Wire up MMDB-based GeoIP/ASN enrichment with three pluggable providers — DB-IP Lite (default, no auth required), MaxMind GeoLite2 (opt-in, license key), IPinfo Lite (opt-in, token). Build a single lookup wrapper, a working enrich-pending job (replacing the M05 skeleton), the refresh-geoip job (replacing the M05 stub that returned 412), and UI display of country flag and ASN on the IP detail page.

The provider abstraction is intentionally narrow: only the download path forks per provider. The on-disk format (MMDB) and the lookup path are common.

Before you start

  1. Verify previous milestones (especially M05, M07, M09):

    git log --oneline -10
    cd api && composer test && cd ..
    
  2. Read SPEC.md §2 (GeoIP/ASN section), §4 (ip_enrichment table), §6 (refresh-geoip and enrich-pending job endpoints), §10 (where the DBs live; /data/geoip/), §15 (note out-of-scope items).

  3. Pick a provider for development. All three speak MMDB; the lookup code does not care which is on disk. The default for fresh installs is DB-IP because it needs no credentials.

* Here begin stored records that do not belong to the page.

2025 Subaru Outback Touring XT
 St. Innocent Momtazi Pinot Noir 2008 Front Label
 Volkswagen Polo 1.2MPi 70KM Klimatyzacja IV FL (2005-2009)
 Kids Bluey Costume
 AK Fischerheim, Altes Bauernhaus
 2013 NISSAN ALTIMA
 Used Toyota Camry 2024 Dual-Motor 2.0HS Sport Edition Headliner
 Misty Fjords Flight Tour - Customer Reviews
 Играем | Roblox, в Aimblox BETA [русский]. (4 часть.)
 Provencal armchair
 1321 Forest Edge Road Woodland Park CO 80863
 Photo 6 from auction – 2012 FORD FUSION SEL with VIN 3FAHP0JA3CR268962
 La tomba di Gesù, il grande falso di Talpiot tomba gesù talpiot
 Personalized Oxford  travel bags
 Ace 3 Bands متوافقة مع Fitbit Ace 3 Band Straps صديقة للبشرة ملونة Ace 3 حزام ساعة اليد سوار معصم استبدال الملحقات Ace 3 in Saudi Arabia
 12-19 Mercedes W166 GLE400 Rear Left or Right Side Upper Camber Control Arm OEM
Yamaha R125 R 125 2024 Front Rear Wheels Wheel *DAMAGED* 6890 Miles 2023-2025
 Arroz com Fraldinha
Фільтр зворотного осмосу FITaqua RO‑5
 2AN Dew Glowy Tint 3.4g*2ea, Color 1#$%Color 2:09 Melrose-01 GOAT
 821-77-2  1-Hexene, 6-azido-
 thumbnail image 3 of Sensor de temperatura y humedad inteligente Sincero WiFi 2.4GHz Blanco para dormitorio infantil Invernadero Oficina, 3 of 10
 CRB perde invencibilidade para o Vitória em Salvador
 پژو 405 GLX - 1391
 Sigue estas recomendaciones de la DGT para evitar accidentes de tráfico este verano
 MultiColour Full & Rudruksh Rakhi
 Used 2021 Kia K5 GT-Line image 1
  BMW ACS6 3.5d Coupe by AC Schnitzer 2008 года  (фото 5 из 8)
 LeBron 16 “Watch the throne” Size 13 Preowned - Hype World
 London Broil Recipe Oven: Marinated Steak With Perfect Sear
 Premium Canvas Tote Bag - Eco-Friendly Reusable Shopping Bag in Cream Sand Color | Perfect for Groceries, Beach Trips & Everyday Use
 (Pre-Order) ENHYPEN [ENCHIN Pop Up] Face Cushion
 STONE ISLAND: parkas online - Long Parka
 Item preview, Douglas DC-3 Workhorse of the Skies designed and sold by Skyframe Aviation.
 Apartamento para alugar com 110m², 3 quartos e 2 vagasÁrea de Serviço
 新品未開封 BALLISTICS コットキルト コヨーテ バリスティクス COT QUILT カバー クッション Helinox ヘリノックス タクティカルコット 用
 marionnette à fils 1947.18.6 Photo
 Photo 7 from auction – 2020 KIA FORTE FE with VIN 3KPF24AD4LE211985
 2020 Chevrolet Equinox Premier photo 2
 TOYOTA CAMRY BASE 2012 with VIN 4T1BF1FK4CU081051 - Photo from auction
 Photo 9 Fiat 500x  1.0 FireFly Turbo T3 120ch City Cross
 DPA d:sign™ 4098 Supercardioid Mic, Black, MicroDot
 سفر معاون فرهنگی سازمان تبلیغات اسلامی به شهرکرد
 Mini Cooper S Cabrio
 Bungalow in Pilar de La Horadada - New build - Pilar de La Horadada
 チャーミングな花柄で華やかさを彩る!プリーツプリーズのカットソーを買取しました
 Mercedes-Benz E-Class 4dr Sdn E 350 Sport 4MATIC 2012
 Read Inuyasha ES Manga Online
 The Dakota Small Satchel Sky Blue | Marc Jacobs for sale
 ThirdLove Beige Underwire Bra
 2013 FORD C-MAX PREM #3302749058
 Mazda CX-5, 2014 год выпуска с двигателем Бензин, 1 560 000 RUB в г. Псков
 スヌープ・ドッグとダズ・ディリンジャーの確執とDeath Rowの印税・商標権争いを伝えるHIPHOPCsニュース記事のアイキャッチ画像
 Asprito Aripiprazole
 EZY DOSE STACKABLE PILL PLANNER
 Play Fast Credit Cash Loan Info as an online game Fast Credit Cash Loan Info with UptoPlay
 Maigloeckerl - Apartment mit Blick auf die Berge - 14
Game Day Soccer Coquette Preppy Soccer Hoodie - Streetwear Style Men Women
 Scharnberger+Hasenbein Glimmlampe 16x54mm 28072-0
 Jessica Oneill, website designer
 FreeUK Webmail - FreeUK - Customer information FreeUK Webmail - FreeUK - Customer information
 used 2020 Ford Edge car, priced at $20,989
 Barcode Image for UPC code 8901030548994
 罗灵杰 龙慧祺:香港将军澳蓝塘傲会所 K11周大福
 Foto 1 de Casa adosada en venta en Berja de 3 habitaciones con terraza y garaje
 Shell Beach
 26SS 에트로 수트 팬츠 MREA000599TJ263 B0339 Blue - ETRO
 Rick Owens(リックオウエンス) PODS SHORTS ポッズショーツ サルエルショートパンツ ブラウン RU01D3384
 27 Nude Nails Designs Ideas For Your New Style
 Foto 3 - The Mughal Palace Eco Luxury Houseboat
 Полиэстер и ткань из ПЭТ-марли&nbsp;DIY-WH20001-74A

| Provider | Auth | License | Update cadence | Compression | Integrity check published | Attribution required | |---|---|---|---|---|---|---| | DB-IP Lite (default) | none | CC BY 4.0 | monthly (1st) | .mmdb.gz (single file) | no | yes — "IP Geolocation by DB-IP" | | MaxMind GeoLite2 (opt-in) | license key | MaxMind EULA, free tier | twice weekly | .tar.gz (directory) | yes — .sha256 companion | no | | IPinfo Lite (opt-in) | token | IPinfo TOS, free tier | weekly | .mmdb (uncompressed) | no | yes — "powered by IPinfo" |

  1. Test fixtures live in api/tests/Fixtures/geoip/ and are committed to the repo. They use the public GeoLite2-City-Test.mmdb / GeoLite2-ASN-Test.mmdb style fixtures from the maxmind/MaxMind-DB repo (Apache-2.0, vendorable). They cover IP 81.2.69.142 (GB) and a small IPv6 set. Acceptance does not depend on a real provider being reachable.

Tasks

1. MMDB wrapper

In api/src/Domain/Enrichment/:

  • EnrichmentResult.php — value object: countryCode: ?string, asn: ?int, asOrg: ?string, enrichedAt: DateTimeImmutable.
  • EnrichmentService.php interface: enrich(IpAddress $ip): EnrichmentResult.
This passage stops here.